/impulate-missing-values

Provide methods to impulate missing values with various of methods like regression, knn and mean/mode fill as well as auto imputation method which select best methods according to missing status.

Primary LanguagePython

impulate-missing-values

Introduction

Provide methods to impulate missing values with various of methods for nominal and numric type values. We support tranditional missing fill method like fill with mean/mode value, or fill with stuff value just to mark. We support algorithm based missing value impulation for more reasonable,like knn, decision tree, bayes, forest tree(ensemble tree), lgbm.

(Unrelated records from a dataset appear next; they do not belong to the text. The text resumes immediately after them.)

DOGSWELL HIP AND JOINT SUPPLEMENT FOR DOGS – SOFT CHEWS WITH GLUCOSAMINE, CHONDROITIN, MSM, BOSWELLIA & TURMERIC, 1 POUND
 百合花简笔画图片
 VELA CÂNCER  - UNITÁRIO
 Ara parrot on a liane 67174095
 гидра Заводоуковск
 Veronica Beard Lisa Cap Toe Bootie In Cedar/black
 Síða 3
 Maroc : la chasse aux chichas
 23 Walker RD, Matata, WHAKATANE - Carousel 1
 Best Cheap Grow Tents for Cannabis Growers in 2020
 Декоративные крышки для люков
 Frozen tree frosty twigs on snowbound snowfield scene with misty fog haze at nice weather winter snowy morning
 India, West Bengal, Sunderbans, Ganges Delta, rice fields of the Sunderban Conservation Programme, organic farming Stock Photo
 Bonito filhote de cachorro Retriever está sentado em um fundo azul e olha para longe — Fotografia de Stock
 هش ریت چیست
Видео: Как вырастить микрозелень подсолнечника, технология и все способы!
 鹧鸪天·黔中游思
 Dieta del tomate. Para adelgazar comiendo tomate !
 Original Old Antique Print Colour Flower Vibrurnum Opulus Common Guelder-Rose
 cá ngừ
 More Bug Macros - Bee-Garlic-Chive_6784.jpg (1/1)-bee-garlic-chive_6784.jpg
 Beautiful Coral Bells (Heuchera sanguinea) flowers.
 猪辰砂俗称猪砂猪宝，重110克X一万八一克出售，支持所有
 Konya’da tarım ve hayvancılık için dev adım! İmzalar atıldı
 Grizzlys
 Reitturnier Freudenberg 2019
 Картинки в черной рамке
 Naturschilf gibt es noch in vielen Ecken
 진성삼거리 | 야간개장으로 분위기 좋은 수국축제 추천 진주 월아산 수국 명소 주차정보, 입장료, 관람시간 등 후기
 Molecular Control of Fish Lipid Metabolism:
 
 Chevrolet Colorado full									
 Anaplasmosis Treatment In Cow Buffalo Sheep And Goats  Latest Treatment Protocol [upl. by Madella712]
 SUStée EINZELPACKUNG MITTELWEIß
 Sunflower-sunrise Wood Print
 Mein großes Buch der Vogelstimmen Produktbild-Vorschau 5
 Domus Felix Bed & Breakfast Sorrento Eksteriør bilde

We support flexible way to impute named 'auto', which select the best imputation after try kinds of algorithm. For reasonable imputation, we consider kinds of scenarios, like missing ratio, inexistene and missing status correlation.

Key Public APIS

process_missing() provides integrated API to handle missing values, including add_nan_ratio(), fill_nanfill_nan_status() and fill_nan('auto') fill_nan() provides general API to impute missing values, including kinds of algorithm.

Usage

setEnvInfo() is necessary to setup log info path, before call functions to impute missing values. Variable debug is the switcher of debug info, while trace info is always output. Some constant values are defined as default algorithm parameter. They can be tuned if necessary, with assistant of log info.